• _ABOUT THIS TASK_
Give back every entry exactly; drop the pictures.
[LISTED RECORDS Boundary: Start]
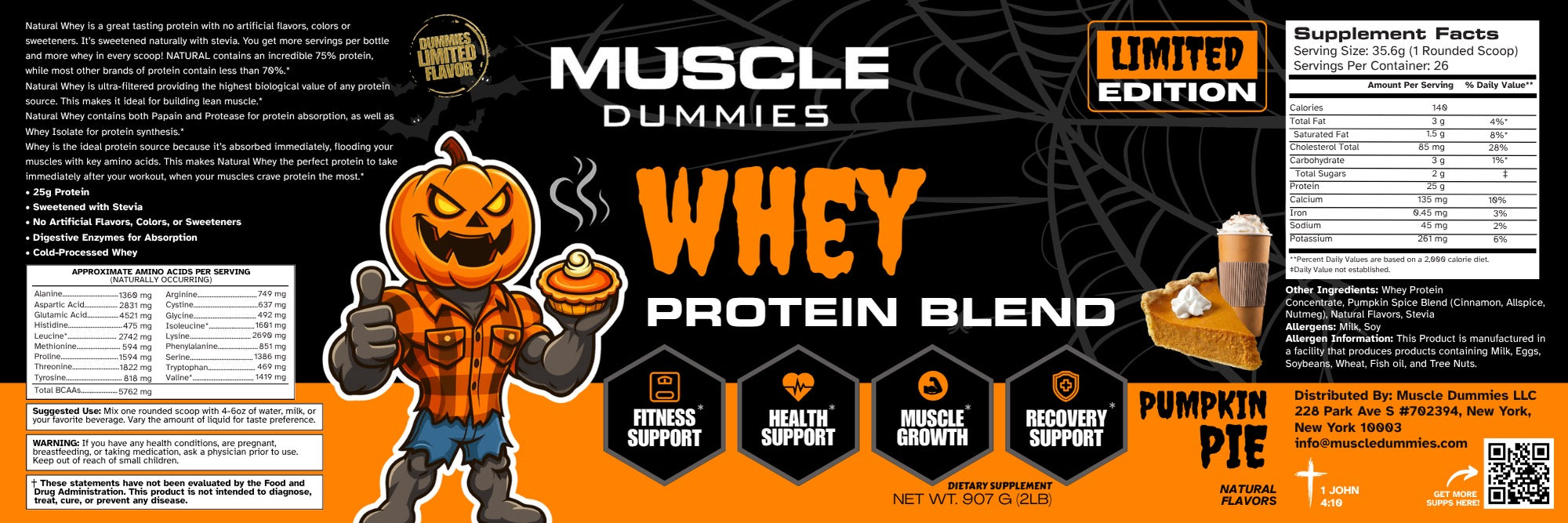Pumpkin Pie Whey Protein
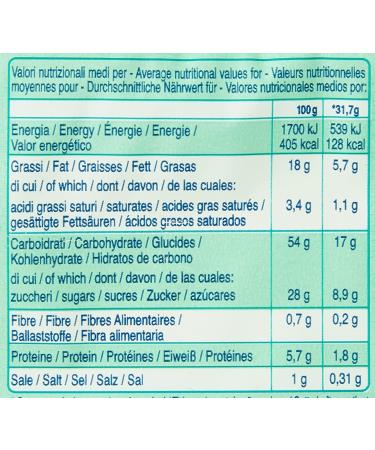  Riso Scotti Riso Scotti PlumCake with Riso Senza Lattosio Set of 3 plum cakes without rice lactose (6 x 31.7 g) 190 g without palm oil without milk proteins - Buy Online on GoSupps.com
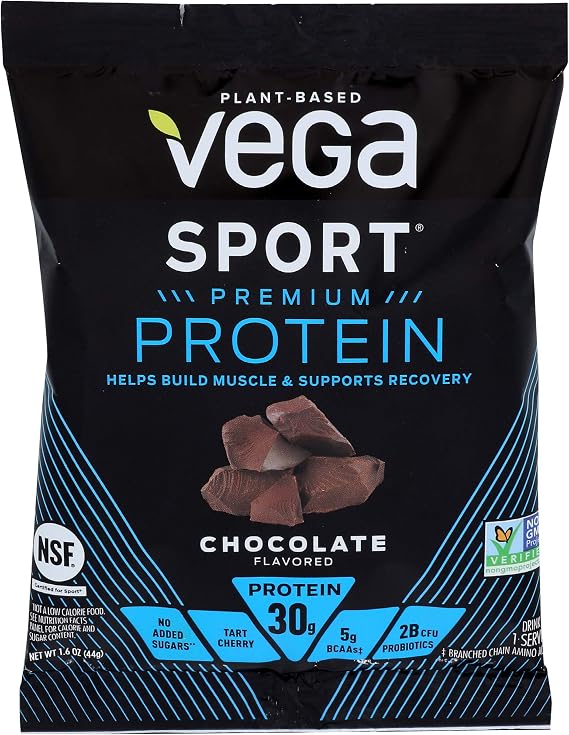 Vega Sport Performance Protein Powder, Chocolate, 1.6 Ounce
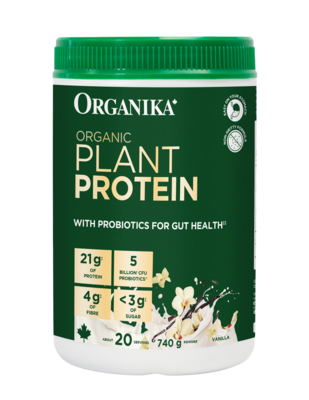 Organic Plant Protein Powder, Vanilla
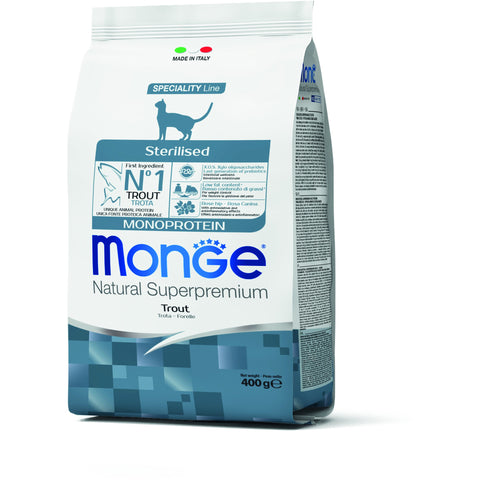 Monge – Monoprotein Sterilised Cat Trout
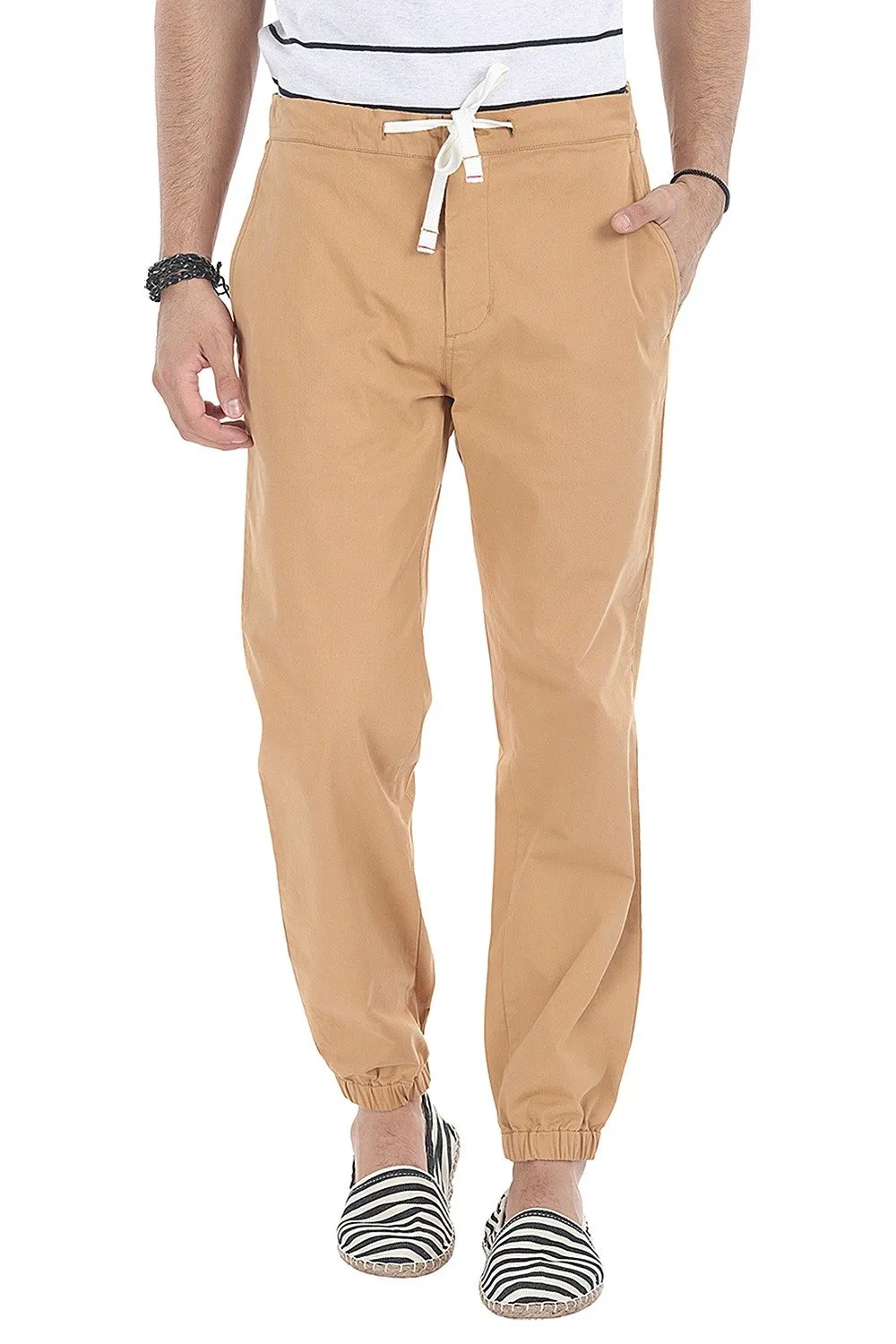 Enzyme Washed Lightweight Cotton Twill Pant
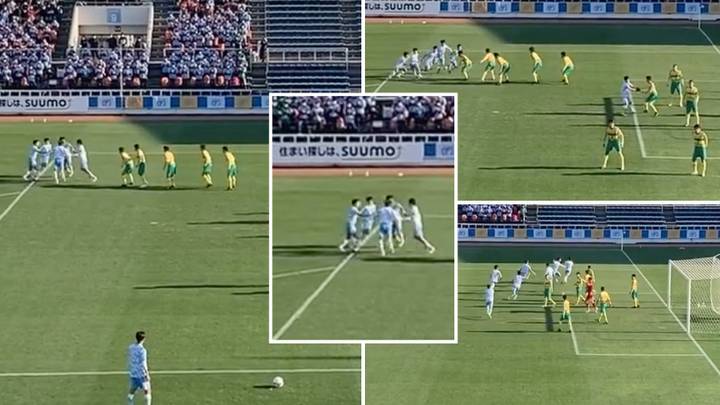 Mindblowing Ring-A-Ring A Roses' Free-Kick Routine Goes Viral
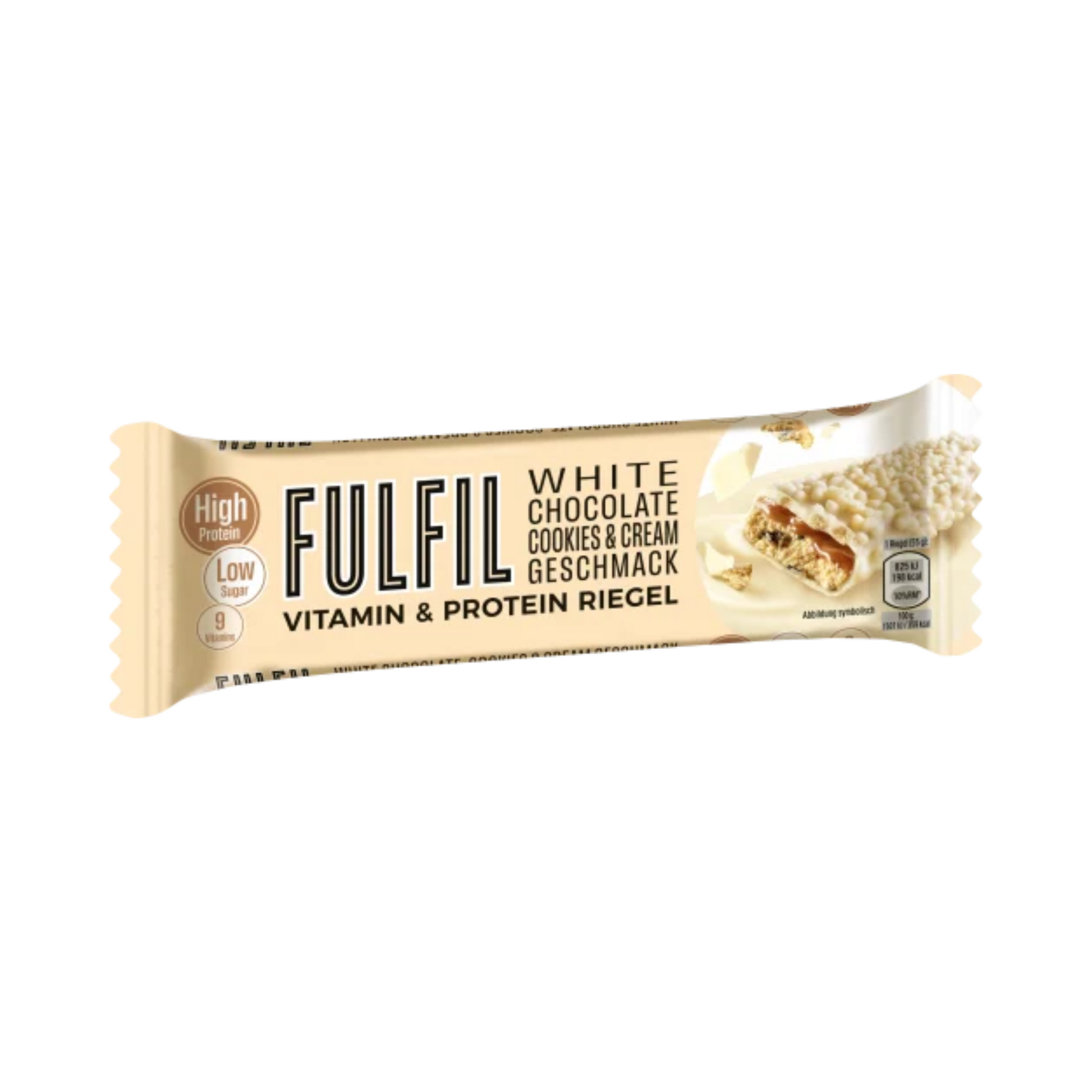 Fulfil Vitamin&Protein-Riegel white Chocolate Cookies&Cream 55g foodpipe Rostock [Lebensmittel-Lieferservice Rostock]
[LISTED RECORDS Boundary: End]
• _SOLUTION FOR THIS EXERCISE_
Pumpkin Pie Whey Protein
  Riso Scotti Riso Scotti PlumCake with Riso Senza Lattosio Set of 3 plum cakes without rice lactose (6 x 31.7 g) 190 g without palm oil without milk proteins - Buy Online on GoSupps.com
 Vega Sport Performance Protein Powder, Chocolate, 1.6 Ounce
 Organic Plant Protein Powder, Vanilla
 Monge – Monoprotein Sterilised Cat Trout
 Enzyme Washed Lightweight Cotton Twill Pant
 Mindblowing Ring-A-Ring A Roses' Free-Kick Routine Goes Viral
 Fulfil Vitamin&Protein-Riegel white Chocolate Cookies&Cream 55g foodpipe Rostock [Lebensmittel-Lieferservice Rostock]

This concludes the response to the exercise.